● **Extracted data**
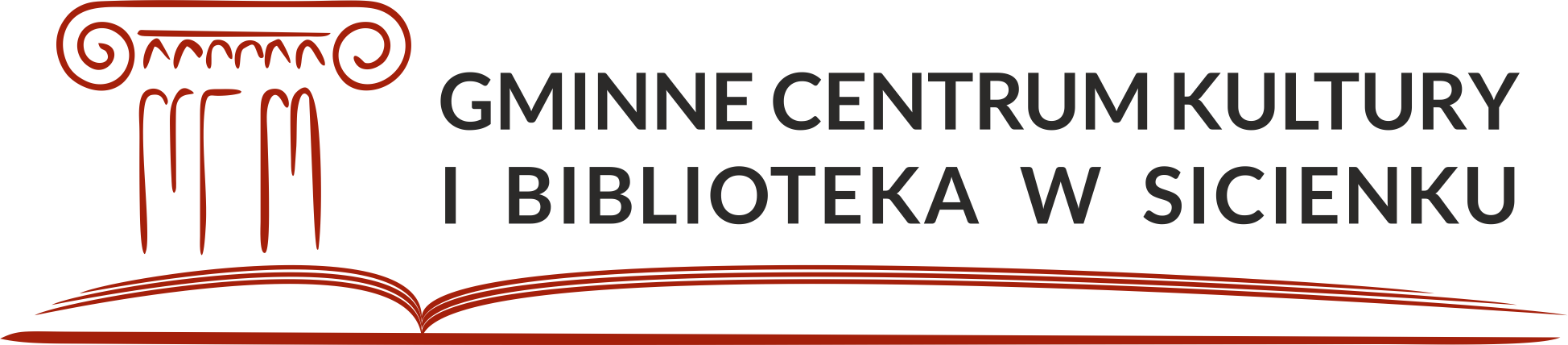 Logo Gminnego Centrum Kultury i Biblioteki w Sicienku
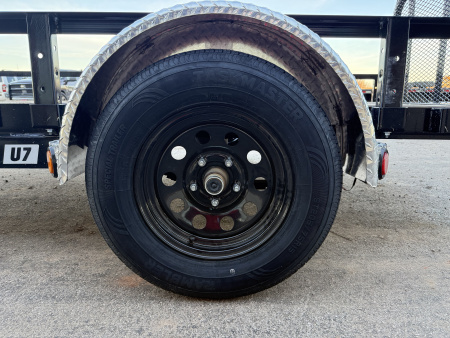 New 2026 PJ 77"x12' Single Axle Utility Trailer - U7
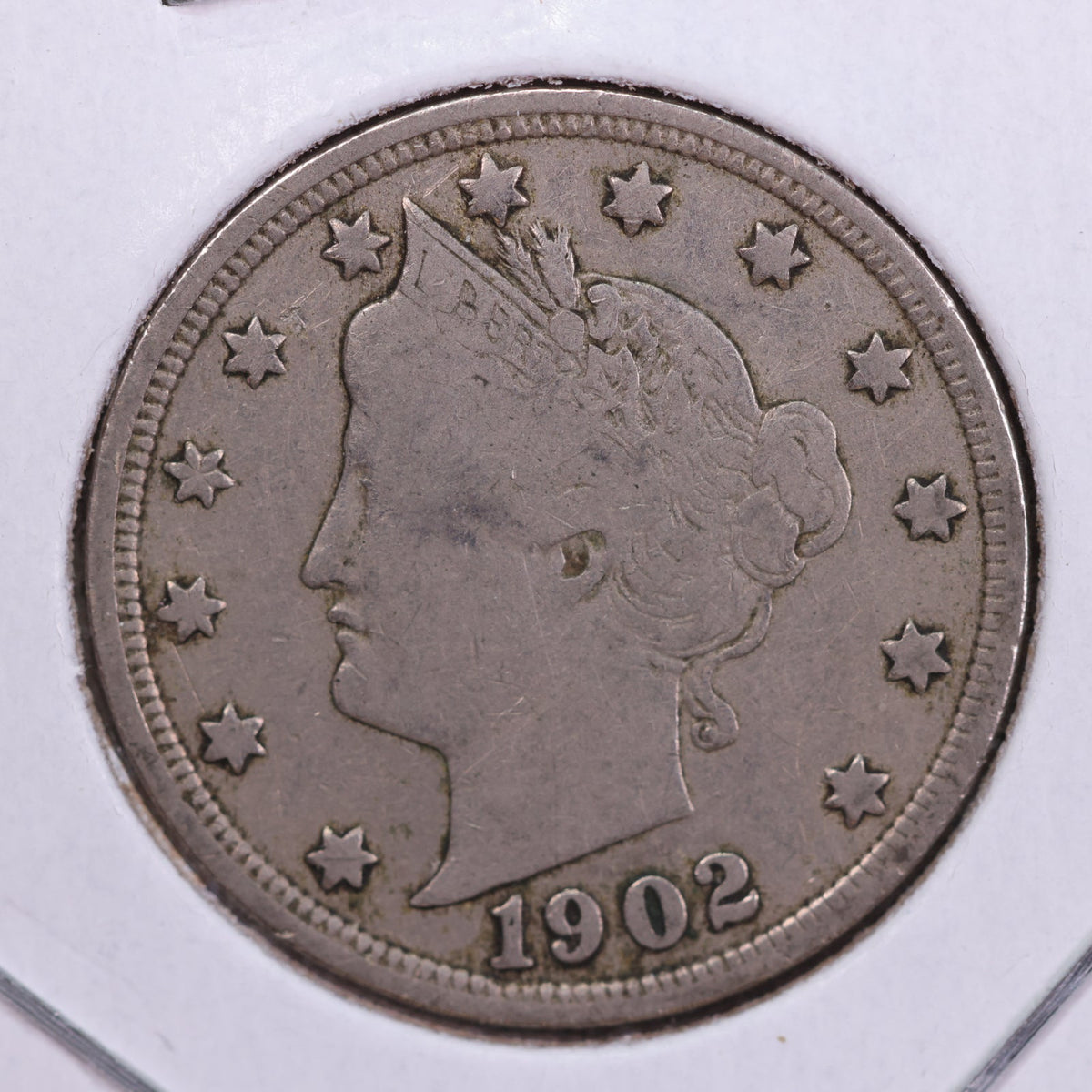 1902 Liberty Nickel, Fine Circulated Coin. Store #NL704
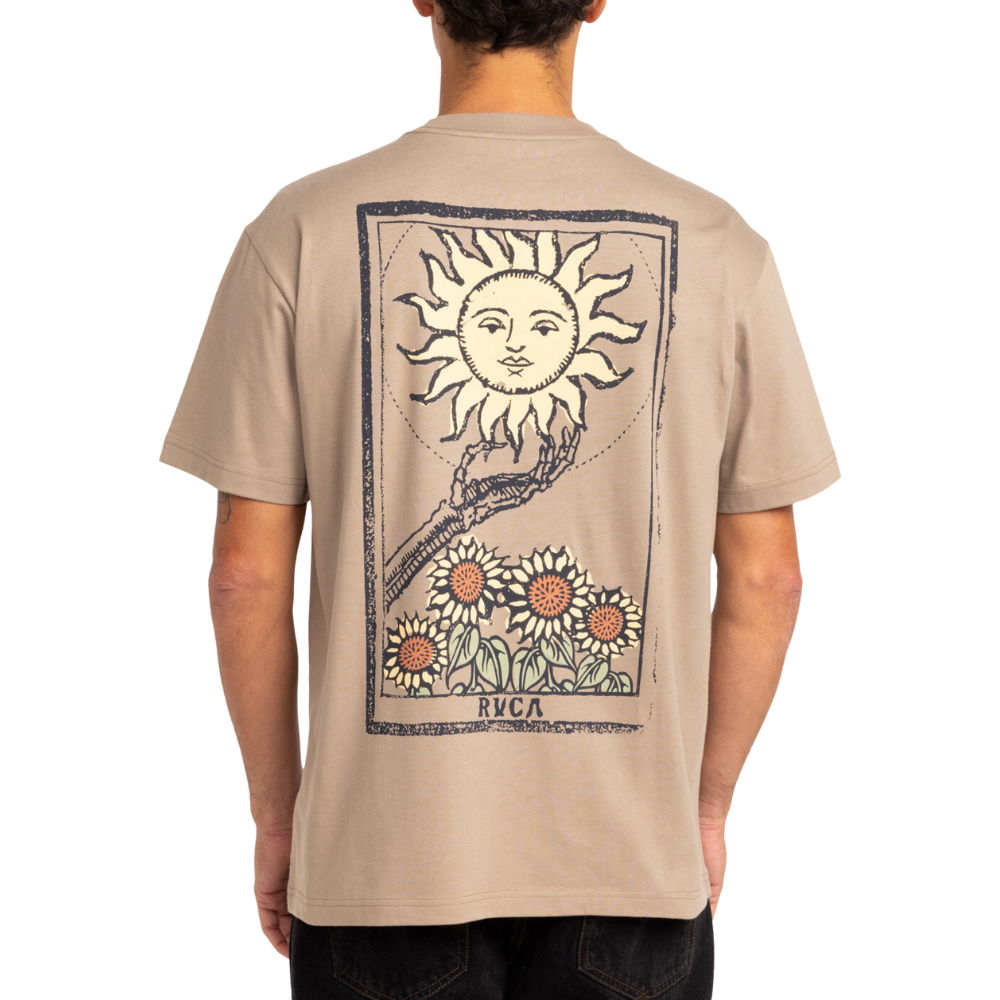 RVCA - Sunflower Tarrot SS Tee - Dark Khaki - T-Shirt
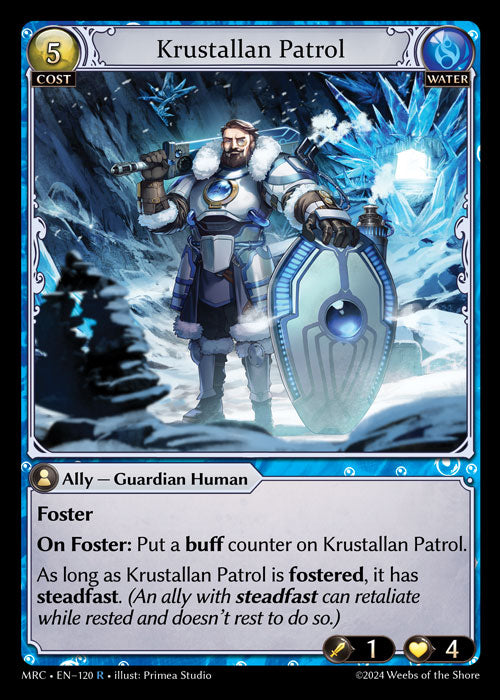 [120]【EN】【FOIL】Krustallan Patrol【MRC】[R][Water]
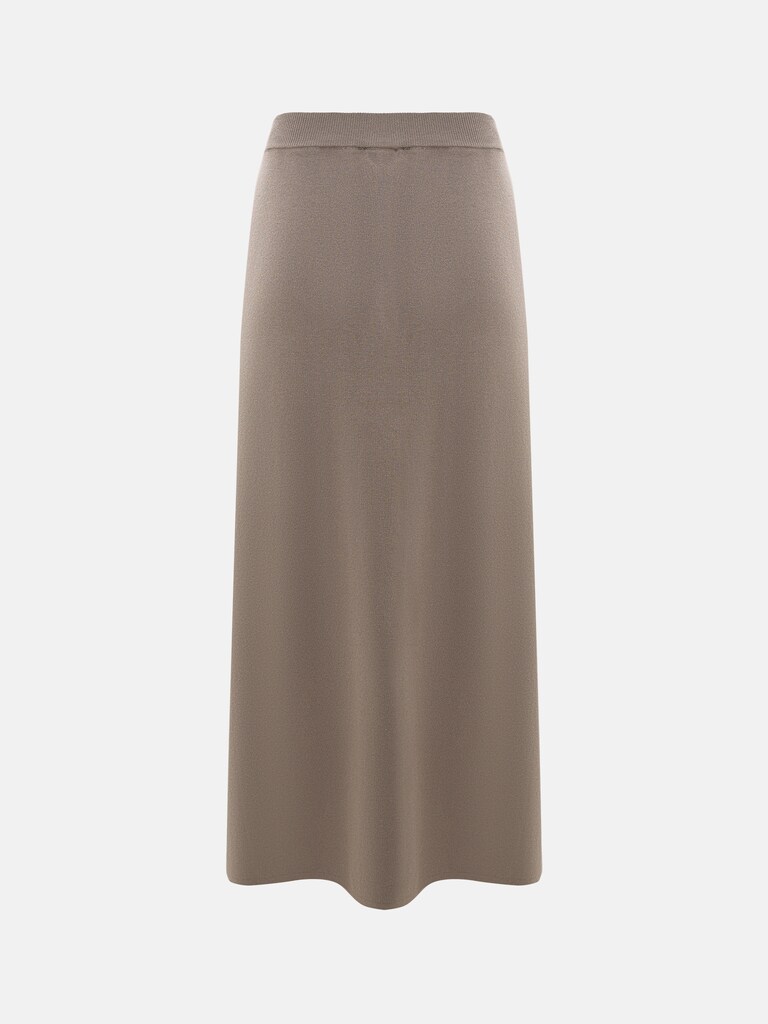 Расклешенная юбка миди из вискозы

● **What is expected**
Word-for-word repeat, images excluded: return all the data.

● **Answer to this exercise**
 Logo Gminnego Centrum Kultury i Biblioteki w Sicienku
 New 2026 PJ 77"x12' Single Axle Utility Trailer - U7
 1902 Liberty Nickel, Fine Circulated Coin. Store #NL704
 RVCA - Sunflower Tarrot SS Tee - Dark Khaki - T-Shirt
 [120]【EN】【FOIL】Krustallan Patrol【MRC】[R][Water]
 Расклешенная юбка миди из вискозы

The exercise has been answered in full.